I'm ultimately trying to compute the second moment of $X$, or $E[X^2]$. I don't see another way to do this other than to determine the probability distribution $P(X = k)$.
It seems to me that for each $U_i$ and its neighbors, it can take on $4$ positions being $1)\cdot ^{\cdot} \cdot$ $2) ^\cdot . ^\cdot$ $3) ^\cdot \cdot .$ and $4) .\cdot ^\cdot$. Basically peak, valley, middle decreasing and middle increasing. Therefore I think that $p(U_i \space is \space peak) = \frac14$. It is therefore my reasoning that $X$ is binomially distributed with parameter $p = \frac14$ of success, but I feel that there is something wrong as you can have at most $\frac{n}2$ peaks.
Can someone either point out my mistake, or point out a better way to calculate variance? Thank you
I think there are actually 6 positions. In your nomenclature of High (H), Medium (M), and Low (L), there are 3! = 6 ways of permuting the letters $H$, $M$ and $L$. Arguing by symmetry, the probability that $U_i$ is a peak is 1/3 since there's an equal chance that $U_{i-1}$, $U_{i}$, or $U_{i+1}$ is the largest of the 3.
Also, it's not binomially distributed with $p=1/3$ either since whether $U_i$ is a peak or not is not independent of $U_{i-1}$ and $U_{i+1}$. Conditioning on $U_{i-1}$ and $U_{i+1}$ large, the probability that $U_{i}$ is a peak is much less than 1/3.
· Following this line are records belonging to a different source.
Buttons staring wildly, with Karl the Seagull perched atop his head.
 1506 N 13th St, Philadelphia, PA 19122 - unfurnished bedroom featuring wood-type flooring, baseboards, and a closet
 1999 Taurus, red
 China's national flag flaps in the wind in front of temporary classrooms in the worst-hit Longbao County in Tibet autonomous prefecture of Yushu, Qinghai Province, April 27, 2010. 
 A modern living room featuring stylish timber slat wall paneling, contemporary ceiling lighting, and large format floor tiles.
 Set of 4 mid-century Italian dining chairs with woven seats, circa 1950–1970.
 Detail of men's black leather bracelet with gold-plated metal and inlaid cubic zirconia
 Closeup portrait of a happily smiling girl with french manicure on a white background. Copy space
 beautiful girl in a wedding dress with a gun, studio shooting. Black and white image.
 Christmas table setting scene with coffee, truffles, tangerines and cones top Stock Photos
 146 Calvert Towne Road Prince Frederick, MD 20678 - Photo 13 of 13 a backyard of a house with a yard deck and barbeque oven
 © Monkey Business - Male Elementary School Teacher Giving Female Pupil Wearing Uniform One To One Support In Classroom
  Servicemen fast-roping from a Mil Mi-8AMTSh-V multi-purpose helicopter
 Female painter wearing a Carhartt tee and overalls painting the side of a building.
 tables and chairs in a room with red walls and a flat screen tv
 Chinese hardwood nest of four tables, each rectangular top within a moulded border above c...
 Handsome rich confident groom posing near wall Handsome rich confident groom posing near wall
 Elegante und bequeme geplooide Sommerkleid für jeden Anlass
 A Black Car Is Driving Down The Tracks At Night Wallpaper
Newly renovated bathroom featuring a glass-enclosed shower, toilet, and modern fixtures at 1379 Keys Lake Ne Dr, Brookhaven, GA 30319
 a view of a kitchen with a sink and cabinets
As you suspected, you do not have to actually compute the distribution of $X$ to find $\mathbb{E}[X^2]$. Instead, you can exploit the linearity of expectation to bypass all the joint distribution intricacies. Write $X = \sum_{i=1}^N \mathbf{1}_i$ where $\mathbf{1}_i$ indicates whether $U_i$ is a peak or not. Then expanding, you end up having to compute terms like $\mathbb{E}[\mathbf{1}_i\mathbf{1}_j]$.